## What the exercise asks
Under this line is some data; print exactly the lines from the one containing "In this July" through its last line, without pictures.

## Entries taken from a collection
::::

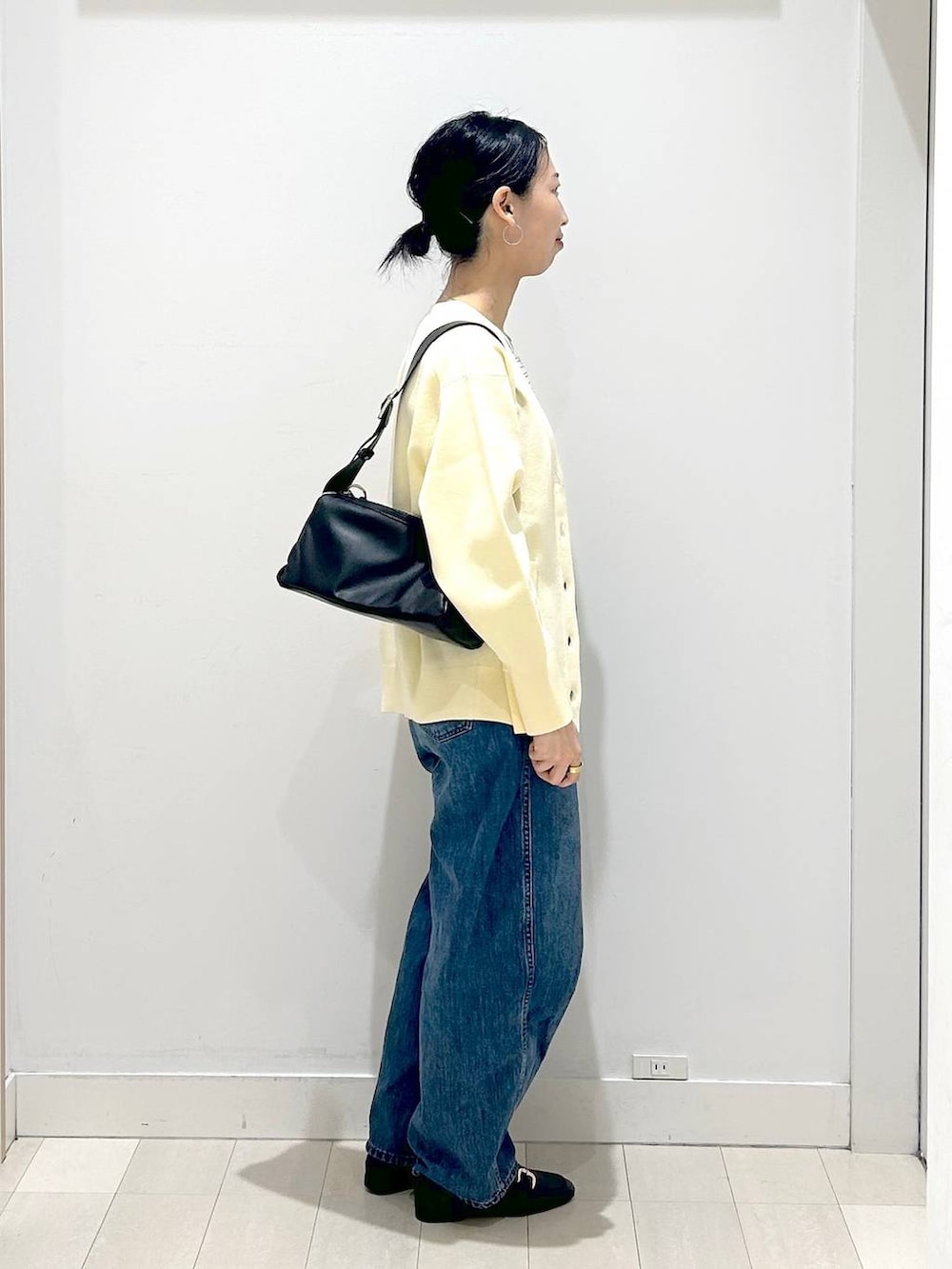 ブラック系のローファー、ブルー系のデニムパンツ、イエロー系のカーディガン/ボレロを着用したレディースの春コーディネートの4枚目の写真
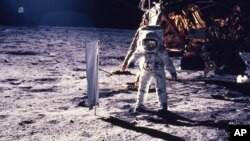 In this July 20, 1969 file photo provided by NASA, astronaut Edwin E. Aldrin Jr. walks on the surface of the moon.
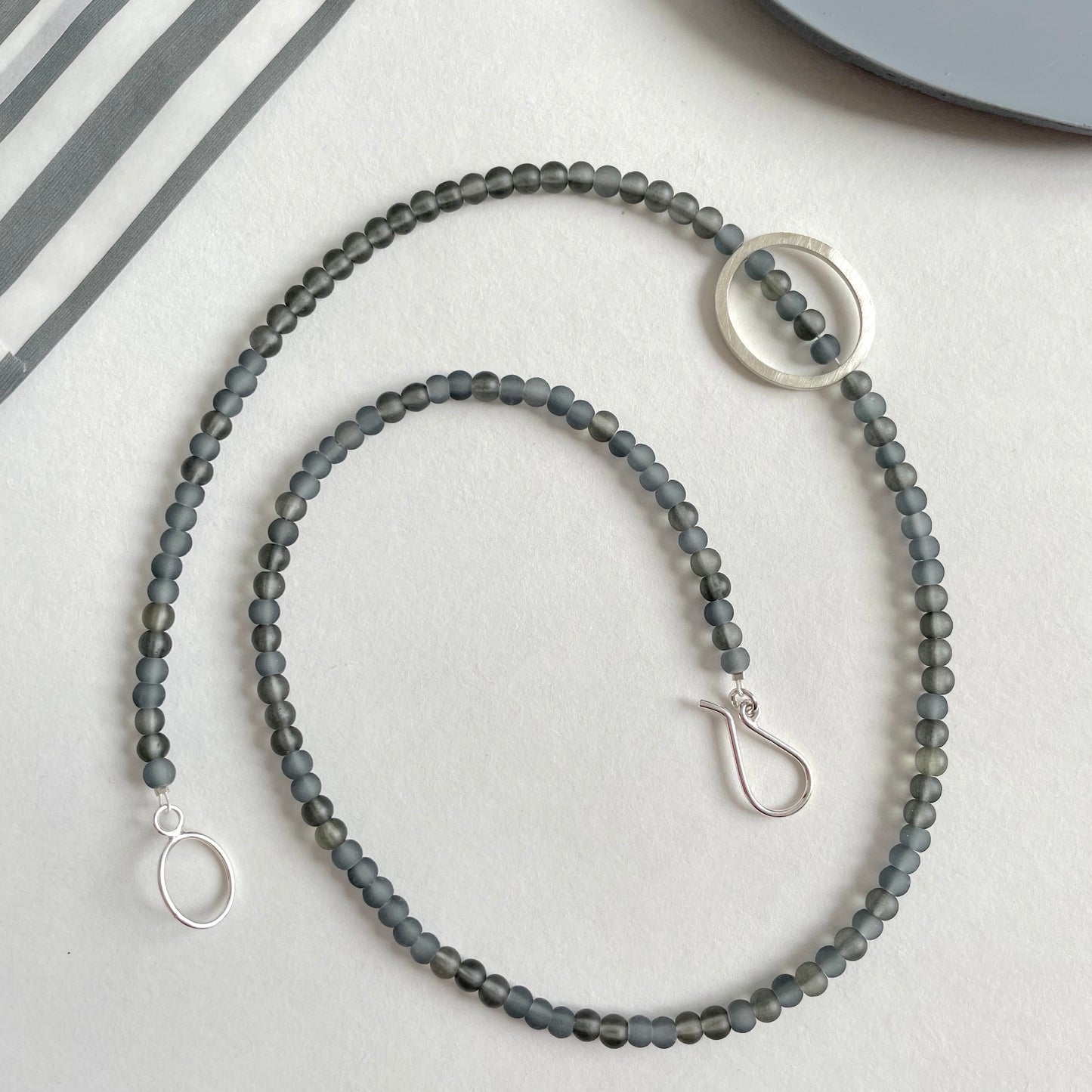 Grey Glass Bead Necklace with a Silver Pebble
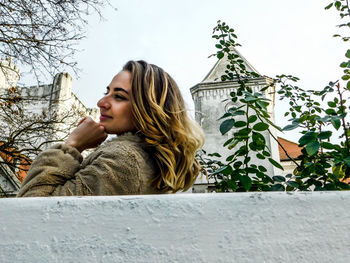 Low angle view of woman against sky during winter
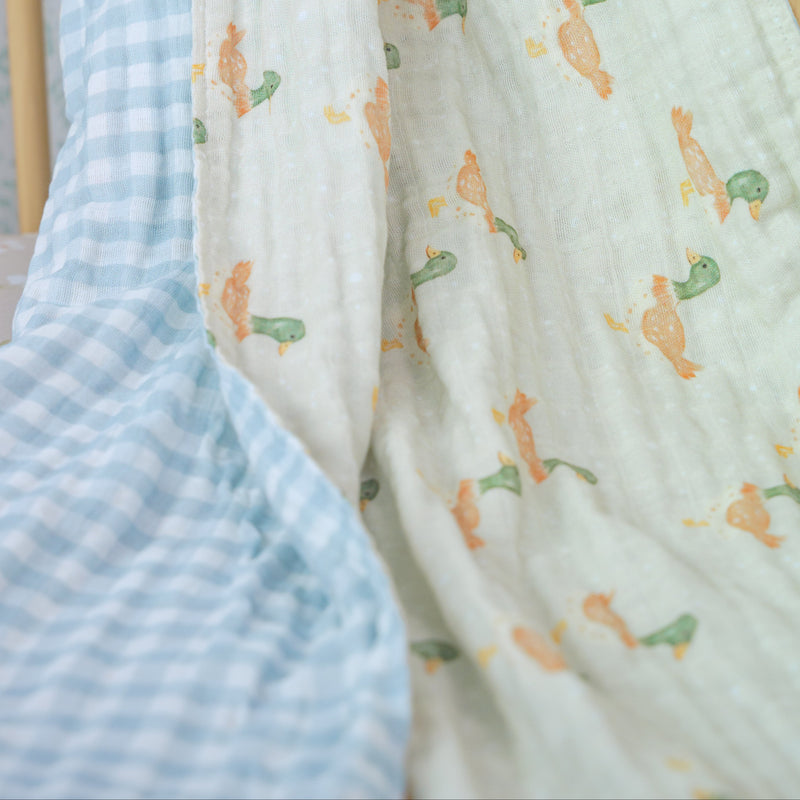 Three baby blankets with different patterns draped over a wooden chair.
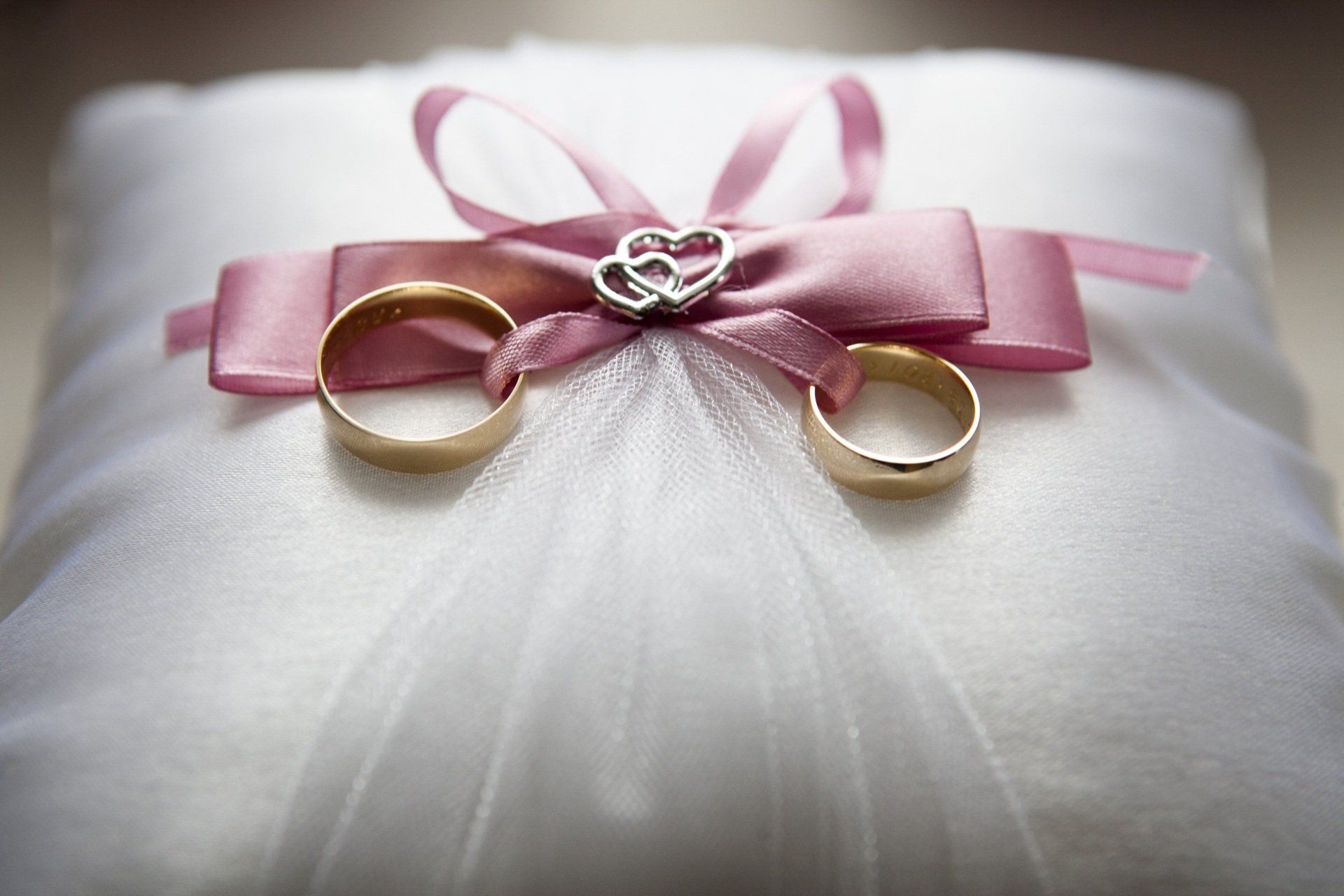 Two wedding rings are sitting on a white pillow with a pink bow.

::::

## Your response
 In this July 20, 1969 file photo provided by NASA, astronaut Edwin E. Aldrin Jr. walks on the surface of the moon.
 Grey Glass Bead Necklace with a Silver Pebble
 Low angle view of woman against sky during winter
 Three baby blankets with different patterns draped over a wooden chair.
 Two wedding rings are sitting on a white pillow with a pink bow.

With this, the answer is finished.